Here’s how it works:

You install the IPFS Software on many computers and make sure they know about each other. The software running on these machines forms an IPFS Network.

This IPFS Network can have any shape:

Maybe there is only 1 computer, it’s a rather simple network. Maybe there are a million computers.
Maybe they are all connected to each other, it’s a very dense network. Maybe they only know about ONE or TWO other peers. It’s a quite “skeletal” network.

No matter the network size and shape, IPFS makes a few promises. The most basic one is the following:

Any of the computers on the network can upload files and can download files from the whole network. Same thing if you start a client and connect it to one of the machines of this network. The client has access to all the files on every machine of the network.

In the end, IPFS turns a network of computers into a single HUGE hard drive that can store and retrieve files.

That’s a distributed storage network. The storage is distributed amongst many machines and it acts as one big entity.

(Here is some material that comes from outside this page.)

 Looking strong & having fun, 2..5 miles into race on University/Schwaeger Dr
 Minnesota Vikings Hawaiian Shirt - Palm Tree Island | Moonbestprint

We rely on a network of computers

Now that we took the time to set up this network of computers so that it acts as a single storage device, what did we gain? Was it worth the effort?

IPFS makes more promises:

First of all, as long as there is a path between two members of the network, they can exchange data and files. So if I’m on one side of the network, I can safely assume that I’ll be able to get files from the other side of the network. That means the network acts as a single storage system.

Second, if any machine on the network tries to mess up with the data, the software on the other end, and eventually the user, will know about it. When a client retrieves a piece of data, like a field, it’s easy to verify that its content is actually what you asked for. No tampering is possible.

Third, the network is designed to keep working if a machine leaves the network. A machine can enter or leave the network without the need for any kind of ceremony. No need to register it, update a fixed database, or tell everyone in the network. It does mean that the file stored on a machine can disappear if no one else has replicated the data.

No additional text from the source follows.